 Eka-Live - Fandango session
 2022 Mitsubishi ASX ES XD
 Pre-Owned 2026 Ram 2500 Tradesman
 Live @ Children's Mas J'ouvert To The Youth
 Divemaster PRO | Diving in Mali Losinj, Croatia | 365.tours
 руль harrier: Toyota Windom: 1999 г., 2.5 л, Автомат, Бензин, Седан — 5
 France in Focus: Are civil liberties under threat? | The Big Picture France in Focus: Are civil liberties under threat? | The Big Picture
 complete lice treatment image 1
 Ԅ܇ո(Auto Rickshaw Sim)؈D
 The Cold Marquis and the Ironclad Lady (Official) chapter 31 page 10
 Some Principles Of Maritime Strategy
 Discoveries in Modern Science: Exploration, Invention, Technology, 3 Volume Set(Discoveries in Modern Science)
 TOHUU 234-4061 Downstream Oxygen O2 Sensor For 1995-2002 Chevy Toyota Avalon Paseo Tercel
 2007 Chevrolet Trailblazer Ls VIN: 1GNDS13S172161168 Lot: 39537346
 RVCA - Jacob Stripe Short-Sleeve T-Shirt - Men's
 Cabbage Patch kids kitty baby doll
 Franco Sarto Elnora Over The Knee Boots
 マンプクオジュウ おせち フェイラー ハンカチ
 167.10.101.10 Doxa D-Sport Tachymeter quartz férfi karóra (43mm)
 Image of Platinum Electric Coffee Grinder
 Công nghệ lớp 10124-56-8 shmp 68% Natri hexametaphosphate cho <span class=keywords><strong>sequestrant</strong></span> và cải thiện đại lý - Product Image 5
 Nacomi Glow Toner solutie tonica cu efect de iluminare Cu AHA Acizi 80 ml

INSTRUCTIONS TO FOLLOW: Across the whole listing, show each line where the word "Live" occurs.

YOUR SOLUTION:
 Eka-Live - Fandango session
 Live @ Children's Mas J'ouvert To The Youth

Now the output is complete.